Regarding admission to the ICU, a statistically significant association was observed with oral GC (PR 2.15, 95% CI 1.32 to 3.48; p=0.001), not using TNFi (PR 2.59; 95% CI 0.88 to 7.57), pulse therapy with methylprednisolone or cyclophosphamide for rheumatic disease treatment (PR 2.26, 95% CI 1.33 to 3.85; p=0.042), with these last two also associated with increased risk of death (PR 2.86, 95% CI 1.59 to 5.14; p=0.018) (table 4). In multivariate analysis using the Poisson model, oral CE and pulse therapy with methylprednisolone remained statistically significant SLE was shown to have a possible protective effect for IUC in the multivariate (table 3). None of the tested variables were associated with mechanical ventilation (table 4).

Before including the use of TNFi in the binary analysis, it was tested whether there was an association with the use of biologicals of all classes as a group, and an association was observed with the ICU outcome (p=0.001). However, when we separated the groups into biological TNFi (p=0.006) and non TNFi (p=0.089), the difference remained only for the TNFi group. For this reason, only this group was included in the binary analysis and Poisson model.

Discussion

Brazil is the country with the third highest number of cases of COVID-19 in the world, with the first case confirmed 26 February 2020, and counting 4 123 000 cases and 126 203 deaths through 6 September 2020.9 To the best of our knowledge, ReumaCoV Brasil is the largest cohort of patients with COVID-19 and underlying IMRD from a single country. Our results demonstrate that age over 50, diabetes, kidney disease, use of oral GC, not using TNFi, pulse therapy with methylprednisolone and cyclophosphamide were associated with a higher prevalence of worse outcomes of COVID-19 in patients with IMRD. We did not find any association between the variables and the need for mechanical ventilation.

The first published report regarding COVID-19 in patients with rheumatic diseases suggested that there would be no greater risk in relation to the general population or with other comorbidities.3 10 Since then, some studies addressed the risk and severity of COVID-19 infection in people with IMRD, confirming this initial impression, except for hospitalisation in patients exposed to high GC doses.11 However, evidence on COVID-19 risk and outcome in patients with systemic autoimmune diseases is limited and conflicting and should be interpreted with great caution.

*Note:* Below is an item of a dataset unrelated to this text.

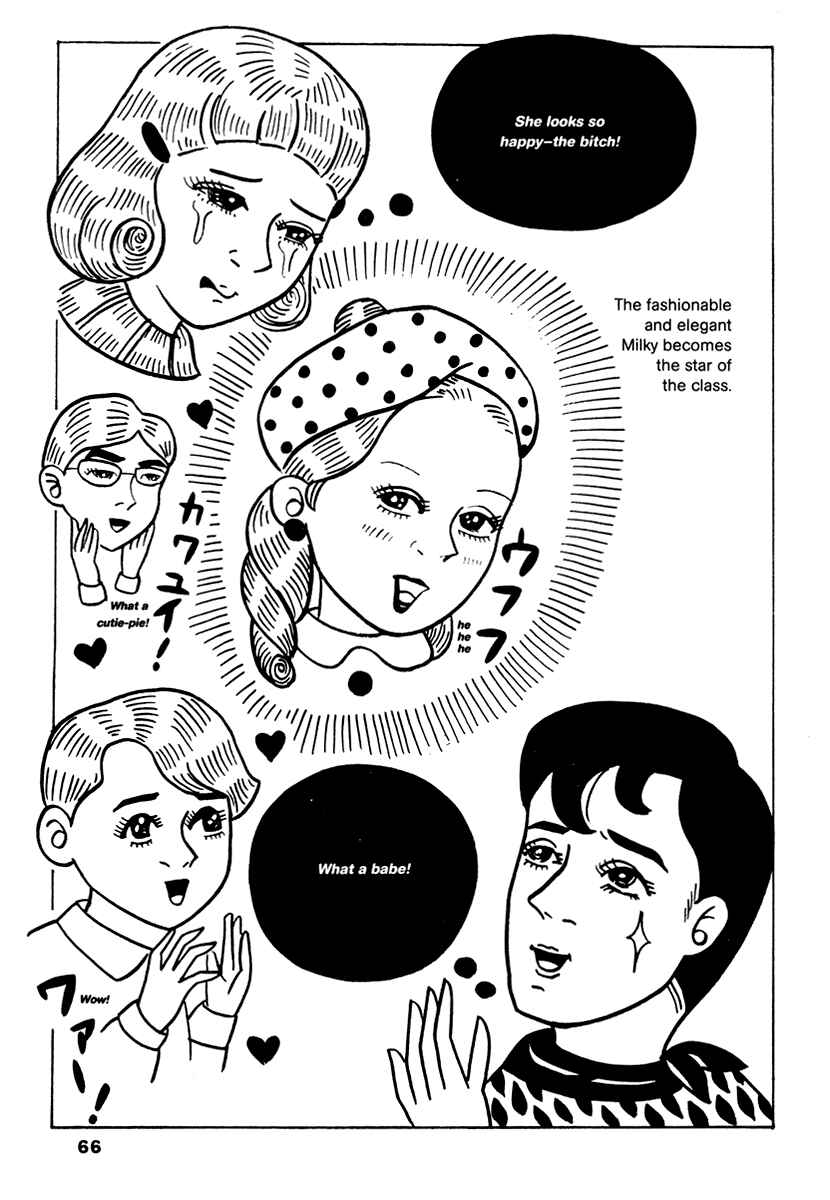 Page 6 Chapter 5 Comics Underground Japan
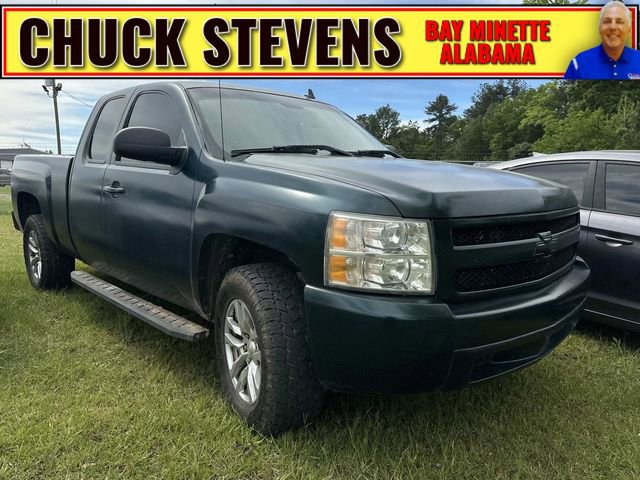 Used 2007 Chevrolet Silverado 1500 W/T image 1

Almost half of the patients in our study required emergency care, being more prevalent among patients with diabetes, kidney disease and chronic users of corticosteroids, either oral or in the form of pulse therapy. Among those who sought emergency care, there was the need for hospitalisation in two thirds of cases, especially in older patients, those who were treated with methylprednisolone pulse therapy and those who did not use TNFi. The prevalence is higher than those reported in most published studies,11–16 and similar to that reported in an Italian cohort by Fredi et al.17 One possible explanation for these differences is the lower social conditions in Brazil, which makes patients more susceptible to more severe conditions, besides the difference in the patient’s disease profile and medications, raising the need for greater concern for patients in developing countries. In accordance with ReumaCov Brazil, most of the studies have found advanced age associated with a higher risk of hospitalisation.13 15–18

Chronic GC use, both oral and pulse therapy, was associated with all outcomes, except mechanical ventilation. Other previous studies describe similar results with oral GC, with doses ranging from 5 to 10 mg11 12 14 19; however, none of these studies described the impact of pulse therapy with methylprednisolone to treat IMRD in COVID-19 outcomes. Although recent studies have shown that the use of GC s in the moderate to severe acute phase of COVID-19 has led to a benefit,20 21 the effect seems to be deleterious in patients on chronic use, probably associated increased risk of infection with higher dose of GC,22 due to impairment of innate immune responses with a reduction in neutrophil recruitment and a delay in viral clearance.23

The result that associated lower prevalence of hospitalisation and ICU admission in patients using TNFi therapy is similar to that described in other studies12–14 and could not be demonstrated to all classes of biologicals. We must also consider that the number of patients using non-TNFi biologicals was lower (12.1%), therefore, the data should be interpreted with caution. However, other studies, including populations with different diseases, have shown similar results, which demonstrates that there must be a biological plausibility for this effect.11 24 25 Gianfrancesco et al also reported that TNFi use was associated with reduced odds of hospitalisation (OR 0.40, 95% CI 0.19 to 0.81), a finding that was not seen with conventional DMARDs alone or in combination with biologics or Janus kinase inhibitors.11

A possible explanation for the TNFi effect on COVID-19 could be inflammation control, based on the evidence that patients with more severe COVID-19 have higher levels of cytokines as TNF and IL-6,26–28 and the TNF inhibition in animal models has led to a protection against SARS-CoV-2 infection,29 induces a rapid decrease of IL-6 and IL-1 concentrations in patients with active RA,30 triggers a reduction of adhesion molecules and vascular endothelial growth factor, which is partly responsible for capillary leak,31 with a consequence of less leucocyte traffic to inflamed tissues.32 A similar effect was also observed in other viral infections, such as Chikungunya fever, where the use of TNFi was associated with better outcomes.33

Twenty-eight patients died, accounting for 8.4% of the total of our series and 17.5% of hospitalised patients, which is quite similar to the data found in other cohorts.11–13 17 19 The factors associated with mortality in these various studies were variable, but the use of oral GC was the common factor for most of them. In our study deaths were associated with pulse therapy with methylprednisolone and cyclophosphamide. The impact of these medications on both hospitalisation and mortality may be due to the greater number of patients with SLE included in our cohort when compared with others, but also the greater number of SLE among the deaths. It is noteworthy that patients treated with these medications have more severe disease, especially in SLE. This fact calls attention to the evaluation of treatment alternatives during the COVID-19 pandemic, with lower doses of GC and other immunosuppressants than cyclophosphamide, once this is possible.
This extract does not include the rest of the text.